SUNGGUH keterlaluan! Jika benar yang diungkapkan Menteri Pendayagunaan aparatur Negara dan Reformasi Birokrasi (PANRB) Azwar Anas, Rp500 triliun dana yang digelontorkan untuk program pengentasan kemiskinan salah sasaran.
“Program-program pengentasan kemiskinan yang dialokasikan, baik di tingkat pusat mau pun daerah tidak berdampak langsung bagi masyarakat, “ tutur Azwar dalam acara sosialisasi jabatan fungsional di Jakarta, Senin (30/1) lalu.
Bagian besar dari total anggaran tersebut, menurut menteri PANRB, tersedot untuk rapat-rapat, seminar di hotel-hotel mewah, juga mungkin untuk studi-studi banding (DPR dan instansi lainnya) di dalam atau ke luar negeri (?).
Tidak dirinci lebih jauh, para pihak (DPR, pejabat pusat atau daerah) yang memanfaatkan anggaran yang dialokasikan untuk tujuan sangat mulia yakni mengentaskan jutaan penduduk yang masih di bawah garis kemiskinan.
“Programnya sich terkait pengentasan kemiskinan, tetapi terserap di acara studi banding, rapat-rapat dan seminar atau dokumentasi tentang kemiskinan sehingga tak berdampak langsung bagi pengentasan warga miskin, “ ujarnya.

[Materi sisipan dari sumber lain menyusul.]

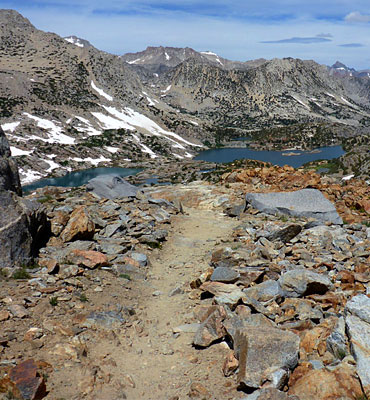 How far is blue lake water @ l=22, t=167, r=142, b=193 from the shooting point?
12262 centimetres

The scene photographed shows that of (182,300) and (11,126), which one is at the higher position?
(182,300)

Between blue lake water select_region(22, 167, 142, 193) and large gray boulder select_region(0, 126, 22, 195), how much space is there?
104 meters

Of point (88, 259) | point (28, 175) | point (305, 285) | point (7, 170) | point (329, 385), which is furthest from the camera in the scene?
point (28, 175)

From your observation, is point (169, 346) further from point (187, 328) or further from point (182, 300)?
point (182, 300)

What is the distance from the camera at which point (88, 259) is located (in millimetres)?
14977

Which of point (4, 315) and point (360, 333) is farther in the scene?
point (4, 315)

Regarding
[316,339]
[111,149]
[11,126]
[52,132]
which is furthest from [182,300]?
[52,132]

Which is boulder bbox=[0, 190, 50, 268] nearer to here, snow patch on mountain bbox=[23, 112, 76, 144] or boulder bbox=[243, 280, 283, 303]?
boulder bbox=[243, 280, 283, 303]

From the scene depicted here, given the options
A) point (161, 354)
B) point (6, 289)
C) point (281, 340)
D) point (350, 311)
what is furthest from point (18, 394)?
point (350, 311)

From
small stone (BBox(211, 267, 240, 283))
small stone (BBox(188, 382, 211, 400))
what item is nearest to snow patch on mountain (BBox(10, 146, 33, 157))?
small stone (BBox(211, 267, 240, 283))

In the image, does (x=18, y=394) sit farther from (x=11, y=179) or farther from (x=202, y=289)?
(x=11, y=179)

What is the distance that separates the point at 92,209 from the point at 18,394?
16453mm

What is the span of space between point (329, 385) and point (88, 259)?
1068 centimetres

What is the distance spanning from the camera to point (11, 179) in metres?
16.7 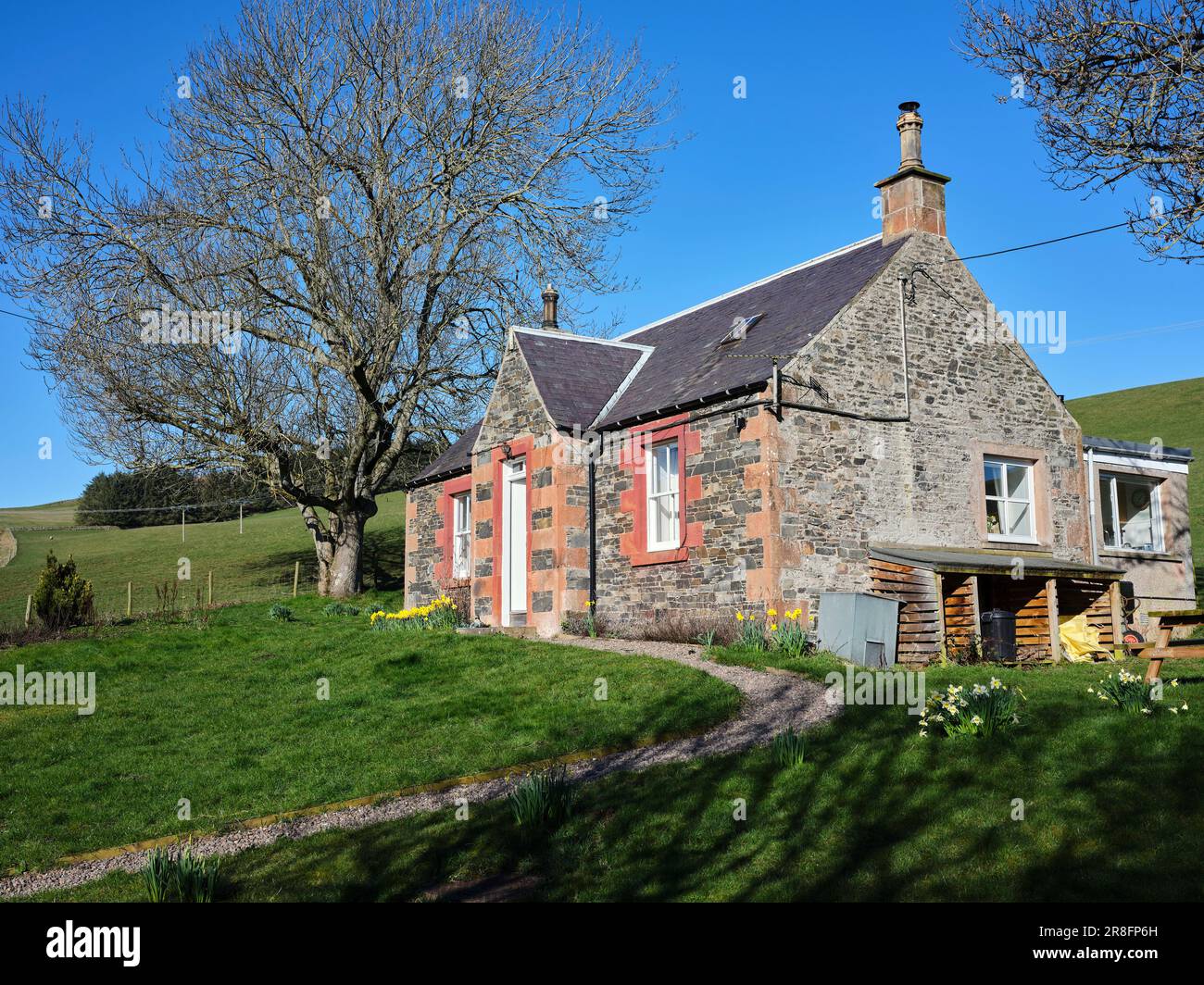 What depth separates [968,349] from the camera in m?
17.0

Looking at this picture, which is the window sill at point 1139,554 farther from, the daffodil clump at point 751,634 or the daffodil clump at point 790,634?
the daffodil clump at point 751,634

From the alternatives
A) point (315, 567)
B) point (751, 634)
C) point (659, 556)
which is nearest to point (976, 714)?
point (751, 634)

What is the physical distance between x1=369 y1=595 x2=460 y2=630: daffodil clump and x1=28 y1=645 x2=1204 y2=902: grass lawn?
31.6 ft

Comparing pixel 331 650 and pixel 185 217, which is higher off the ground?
pixel 185 217

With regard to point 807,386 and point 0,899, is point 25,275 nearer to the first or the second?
point 807,386

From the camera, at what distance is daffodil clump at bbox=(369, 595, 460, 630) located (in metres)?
17.6

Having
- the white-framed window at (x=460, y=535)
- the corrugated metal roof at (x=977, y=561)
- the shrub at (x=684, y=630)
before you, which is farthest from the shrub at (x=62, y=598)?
the corrugated metal roof at (x=977, y=561)

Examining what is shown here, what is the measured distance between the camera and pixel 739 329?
17734mm

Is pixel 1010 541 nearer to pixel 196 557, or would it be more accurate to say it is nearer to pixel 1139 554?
pixel 1139 554

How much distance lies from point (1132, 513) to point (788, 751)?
1553 centimetres

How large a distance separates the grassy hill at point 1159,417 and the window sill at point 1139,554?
56.5 feet

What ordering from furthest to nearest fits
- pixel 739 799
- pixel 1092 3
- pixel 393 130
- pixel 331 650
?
pixel 393 130, pixel 331 650, pixel 1092 3, pixel 739 799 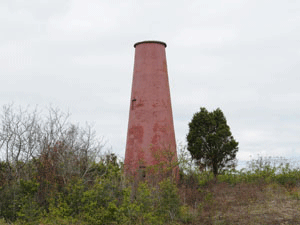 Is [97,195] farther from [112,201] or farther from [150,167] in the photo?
[150,167]

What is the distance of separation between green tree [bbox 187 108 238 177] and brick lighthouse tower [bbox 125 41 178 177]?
380cm

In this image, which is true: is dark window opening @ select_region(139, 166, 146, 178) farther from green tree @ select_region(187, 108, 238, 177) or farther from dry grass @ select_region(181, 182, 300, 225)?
green tree @ select_region(187, 108, 238, 177)

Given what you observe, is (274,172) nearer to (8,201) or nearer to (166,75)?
(166,75)

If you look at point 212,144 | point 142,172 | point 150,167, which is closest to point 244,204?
point 150,167

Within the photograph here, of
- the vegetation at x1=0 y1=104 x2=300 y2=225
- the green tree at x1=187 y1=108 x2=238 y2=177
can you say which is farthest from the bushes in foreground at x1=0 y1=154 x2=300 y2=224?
the green tree at x1=187 y1=108 x2=238 y2=177

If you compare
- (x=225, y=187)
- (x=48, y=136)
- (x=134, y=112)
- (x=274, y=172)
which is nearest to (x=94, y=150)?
(x=48, y=136)

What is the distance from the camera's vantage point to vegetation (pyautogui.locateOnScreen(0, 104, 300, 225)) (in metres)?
10.5

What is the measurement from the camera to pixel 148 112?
15.7 metres

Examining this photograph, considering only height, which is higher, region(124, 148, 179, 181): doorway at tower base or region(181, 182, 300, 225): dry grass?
region(124, 148, 179, 181): doorway at tower base

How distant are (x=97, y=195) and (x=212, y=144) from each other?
977cm

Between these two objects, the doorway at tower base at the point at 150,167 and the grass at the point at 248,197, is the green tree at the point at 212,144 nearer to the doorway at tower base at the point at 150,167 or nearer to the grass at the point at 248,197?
the grass at the point at 248,197

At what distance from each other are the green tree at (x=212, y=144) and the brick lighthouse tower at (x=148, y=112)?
3.80 meters

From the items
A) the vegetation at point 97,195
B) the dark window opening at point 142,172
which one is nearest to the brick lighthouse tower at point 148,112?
the dark window opening at point 142,172

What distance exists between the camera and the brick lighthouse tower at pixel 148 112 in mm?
15406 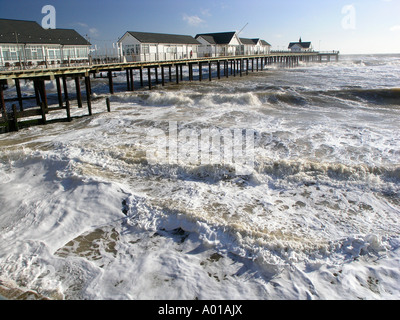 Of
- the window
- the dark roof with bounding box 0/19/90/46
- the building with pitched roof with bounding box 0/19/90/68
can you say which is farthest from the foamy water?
the window

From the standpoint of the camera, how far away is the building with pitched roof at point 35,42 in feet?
105

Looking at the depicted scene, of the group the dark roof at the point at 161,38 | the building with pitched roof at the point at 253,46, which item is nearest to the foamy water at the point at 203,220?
the dark roof at the point at 161,38

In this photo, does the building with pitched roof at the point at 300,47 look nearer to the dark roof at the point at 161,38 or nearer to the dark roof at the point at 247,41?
the dark roof at the point at 247,41

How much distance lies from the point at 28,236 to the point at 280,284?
4.99 m

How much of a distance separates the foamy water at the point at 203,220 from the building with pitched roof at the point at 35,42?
24001 millimetres

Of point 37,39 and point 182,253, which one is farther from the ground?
point 37,39

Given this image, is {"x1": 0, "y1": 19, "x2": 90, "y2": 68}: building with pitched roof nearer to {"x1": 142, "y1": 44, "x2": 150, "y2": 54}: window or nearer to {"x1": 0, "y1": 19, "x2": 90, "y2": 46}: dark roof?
{"x1": 0, "y1": 19, "x2": 90, "y2": 46}: dark roof

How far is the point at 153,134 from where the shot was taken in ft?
47.3

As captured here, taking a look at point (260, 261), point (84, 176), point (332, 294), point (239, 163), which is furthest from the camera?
point (239, 163)

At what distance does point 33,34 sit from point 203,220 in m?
37.7

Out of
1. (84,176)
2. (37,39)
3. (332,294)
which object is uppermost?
(37,39)

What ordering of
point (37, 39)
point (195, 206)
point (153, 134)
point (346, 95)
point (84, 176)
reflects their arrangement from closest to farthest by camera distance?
point (195, 206) < point (84, 176) < point (153, 134) < point (346, 95) < point (37, 39)

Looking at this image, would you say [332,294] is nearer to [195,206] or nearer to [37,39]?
[195,206]

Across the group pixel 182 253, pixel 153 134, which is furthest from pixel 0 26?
pixel 182 253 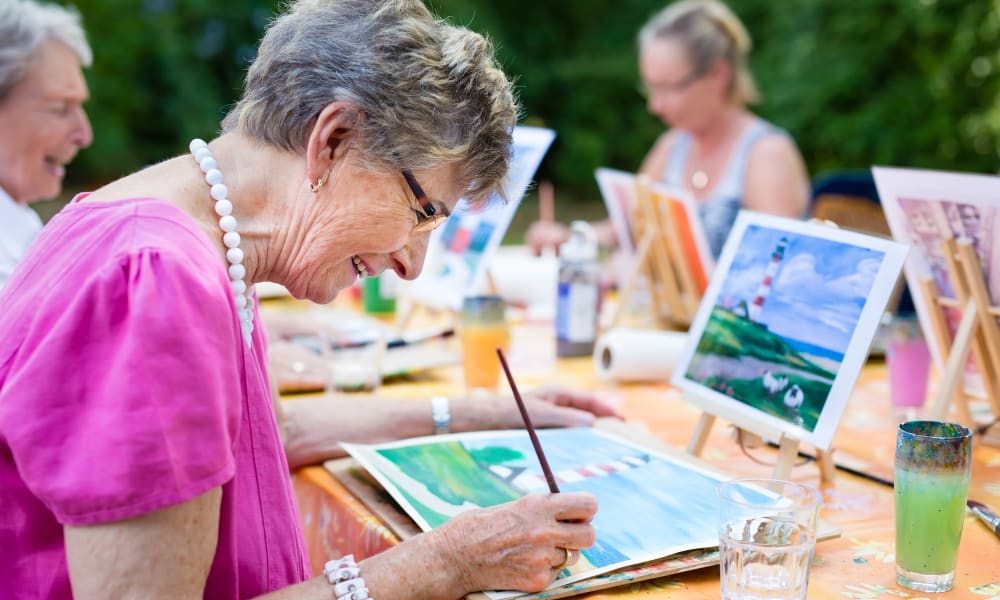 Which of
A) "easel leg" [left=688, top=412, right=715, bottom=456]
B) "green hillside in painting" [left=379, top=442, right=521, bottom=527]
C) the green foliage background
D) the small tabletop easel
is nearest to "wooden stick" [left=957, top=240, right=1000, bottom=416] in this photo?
"easel leg" [left=688, top=412, right=715, bottom=456]

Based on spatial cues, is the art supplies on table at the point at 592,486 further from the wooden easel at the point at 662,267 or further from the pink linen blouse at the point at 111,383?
the wooden easel at the point at 662,267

Dari gambaran di atas, tercermin angka kemiskinan dari tahun ke tahun tidak banyak berubah, walau pemrrintah terus menggelontorkan anggaran dalam jumlah besar dan berbagai program.
Menurut catatan BPS, sampai Maret 2019 jumlah warga miskin 25,14 juta jiwa (9,41 persen dari total penduduk), sementara sampai September 2022 sebanyak 26,36 juta jiwa (9,57 persen), lebih rendah dibandingkan angka setahun sebelumnya 9,71 persen pada Sept. 2019.
Program Perlindungan Sosial
Berbagai program perlindungan sosial dengan anggaran ratusan triliun rupiah digelontorkan pemerintah di tengah pandemi Covid-19 yang terdeteksi sejak Maret 2020, dan di APBN 2023 dianggarkan Rp476 triliun.
Ironisnya, di tengah pandemi Covid-19, tega-teganya Mensos Juliari Batubara yang seyogianya memimpin kementeriannya mendistibusikan bansos bagia warga yang memerlukan, malah dicokok KPK karena menilap tiap paket yang akan dibagikan sampai total Rp32,2 miliar rupiah.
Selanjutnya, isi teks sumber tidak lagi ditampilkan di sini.